Some other areas in which foreign investment is allowed but subject to restrictions include the:

• fisheries sector: drifter fishing, dynamite fishing, chemical fishing, conservation areas, coral exploration;"


Yep.

Also you can add the 'inconvenient truth' of the Causeway project altering tidal flow and increasing coastal erosion in places.
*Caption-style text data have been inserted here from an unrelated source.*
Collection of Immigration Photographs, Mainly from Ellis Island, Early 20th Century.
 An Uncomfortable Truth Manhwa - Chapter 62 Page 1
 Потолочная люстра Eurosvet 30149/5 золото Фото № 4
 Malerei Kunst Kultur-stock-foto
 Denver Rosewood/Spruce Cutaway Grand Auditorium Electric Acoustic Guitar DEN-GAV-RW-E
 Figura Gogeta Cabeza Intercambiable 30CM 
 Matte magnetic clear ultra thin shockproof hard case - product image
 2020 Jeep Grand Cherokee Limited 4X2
Man-made causes include the deleterious effects of causeway construction across inter-islet channels whichhave cut off the supply of sand from the ocean reef to the lagoon and re-aligned the adjacent lagoon shoreline

CM

>>>The cold hard fact is Kiribati and other Pacific islands are not suffering rising sea levels because of CO2 - but because they're submerging themselves through dynamiting their protective coral reefs for both fishing and the export of coral sand.<<<

How does the 'cold hard fact' that "they're submerging themselves" match up with Eschenbach's "the islands are floating upwards with the sea level rise"? Which 'cold hard fact' is it? How can it be both?

Ian Wishart

Some of the islands are actively sinking as part of tectonic movement (Takuu, for example), others are eroding due to human stupidity (Takuu again, Kiribati and others). It is true that coral grows with rising sea levels, and the islands rise correspondingly, but if you are blowing your coral to bits it kind of overwhelms the natural order.

Bob D

CM:

Which 'cold hard fact' is it? How can it be both?
Easily. Coral reef growth is of the order of tens of millimetres per year (in the vertical direction). Current sea level rise (about 1.8mm/yr) is compensated for by the growth of the coral. See Darwin (1842). The coral grows upwards with the sea level rise (or subsidence of the volcanic base).

Dynamite, however, is very effective at destroying coral.

Kiribati's problems are fresh water-related, and have more to do with depletion of the freshwater lens galleries than sea level rise. This is two-fold: the population growth has meant more extraction from the galleries, and this (together with the blasting) has allowed salt water incursions that make the water brackish.

The freshwater issue is current and urgent. The sea level rise issue is distant and imaginary.

There are two further options to counter the water problem: rain water collection and desalination plants. Rain water collection is difficult due to sporadic droughts, and desalination plants are expensive, both to build and to run.

Antipodean59

Go back to the 1940s reconnaissance WWII photos of Kirabati and one can see the atoll lower in the sea than it is, even now.
Just another pack of greedies on the AGW rort gravy train.

probligo

"Easily. Coral reef growth is of the order of tens of millimetres per year (in the vertical direction). Current sea level rise (about 1.8mm/yr) is compensated for by the growth of the coral. See Darwin (1842). The coral grows upwards with the sea level rise (or subsidence of the volcanic base)."

A "fact" that totally ignores another equally important fact.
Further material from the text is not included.